Since then, several chemists have used Mofdscribe to aid in the creation of unique MOFs. However, the present team was aware that Mofdscribe had several shortcomings and set out to develop a more practical solution.
In order to achieve this, the researchers wrote code that made it possible to combine computational modelling, machine learning, data mining, and high-throughput screening. They also tackled the issue of test sets getting contaminated with data used to train machine learning algorithms. They state that one of their objectives was to provide dataset analysis tools that researchers do not presently require but will probably require in the future. They contend that this will make comparing performance variances amongst machine learning systems easier.
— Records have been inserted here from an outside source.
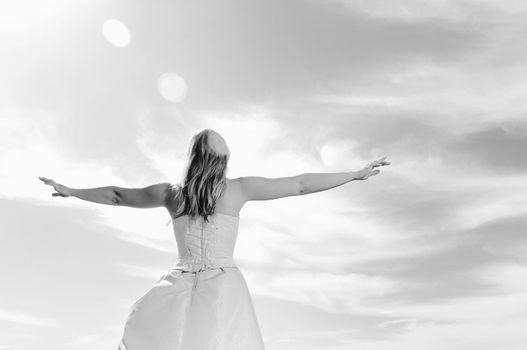 happy young beautiful bride after wedding ceremony event have fun outdoor on meadow at sunset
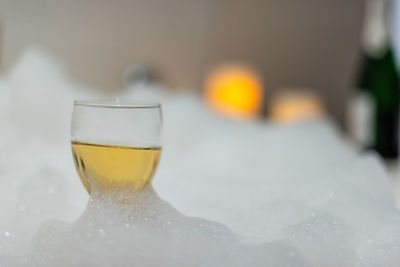 Close-up of beer glass on table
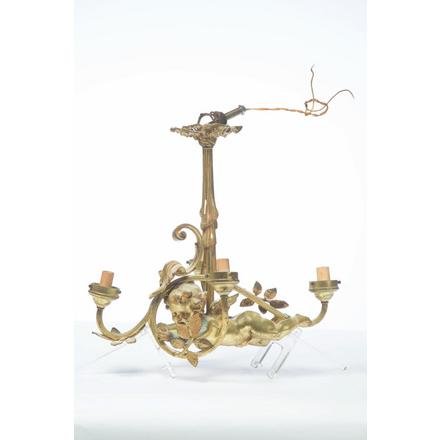 FIRE GILDED BRASS CHANDELIER.: American. 20th century. Central flying cherub surrounded by foliage and four light branches, rolled drapery stem and ribbon cap, 14.5"h. 17"w. 10.5"d.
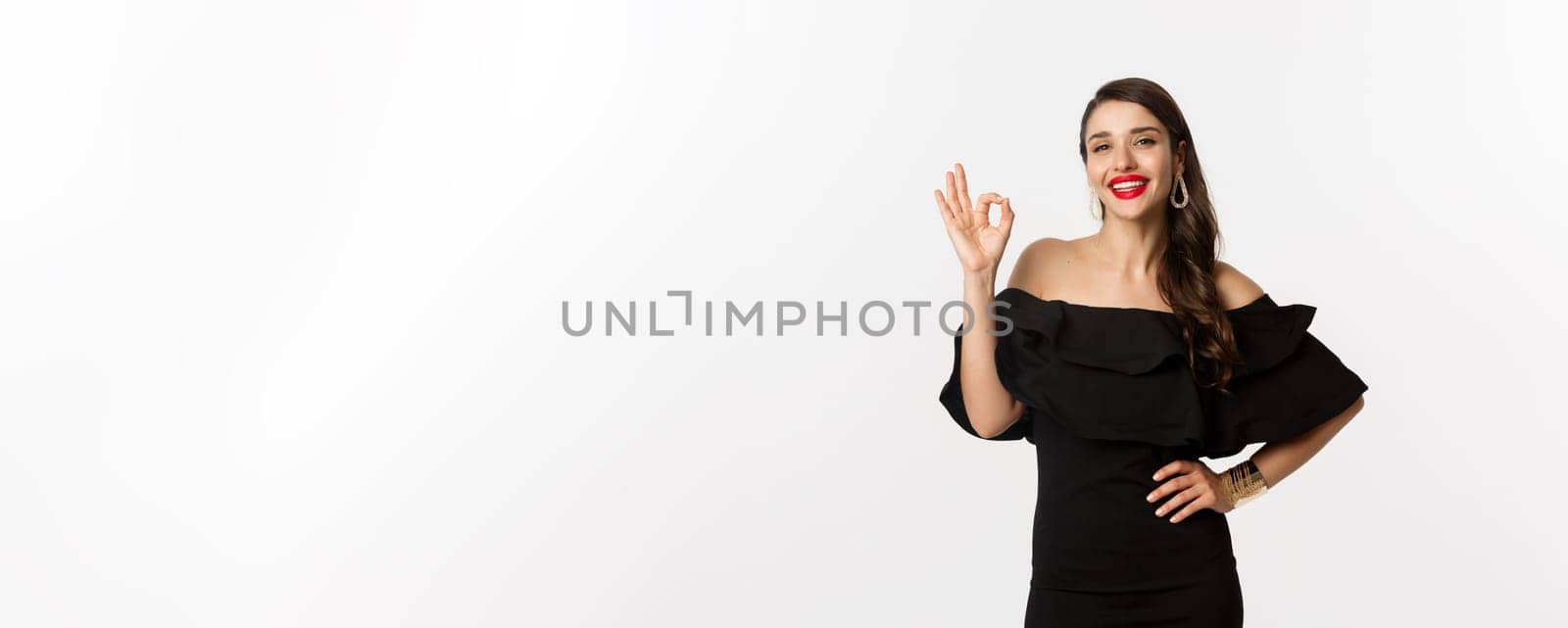 Fashion and beauty. Satisfied good-looking woman with red lipstick, black dress, showing okay sign in approval, like and agree, standing over white background.
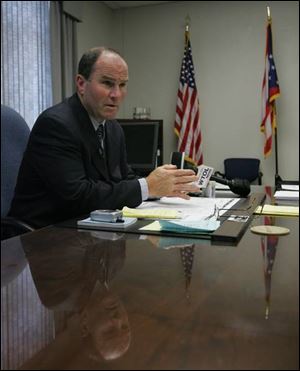 Mike Navarre, back behind the chief's desk at the Toledo police department, says he enjoys the job because it's 'fast-paced. There's never a dull moment.' He was ousted as chief Jan. 3 by Mayor Carty Finkbeiner and reappointed Tuesday. Though he admits the mayor is 'a difficult person to work for,' he will have 'no problems working for' Mr. Finkbeiner again. 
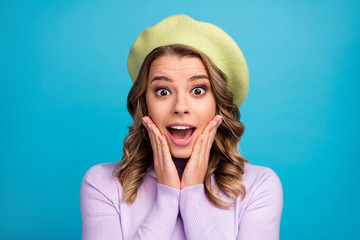 Portrait of astonished crazy girl look good see wonderful fall black friday promo impressed shout touch hands palms face wear paris style headwear sweater isolated over blue color background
The end result was what the researchers refers to as a “ecosystem”—a location where chemists might go to develop fresh machine-learning strategies for making MOFs with desired features. They point out that it also enables the discovery of novel synthetic pathways and reaction circumstances.
The study team also points out that the new ecosystem will make it easier for researchers in the field of reticular chemistry to share and reuse data and information, which they feel will promote collaboration and creativity.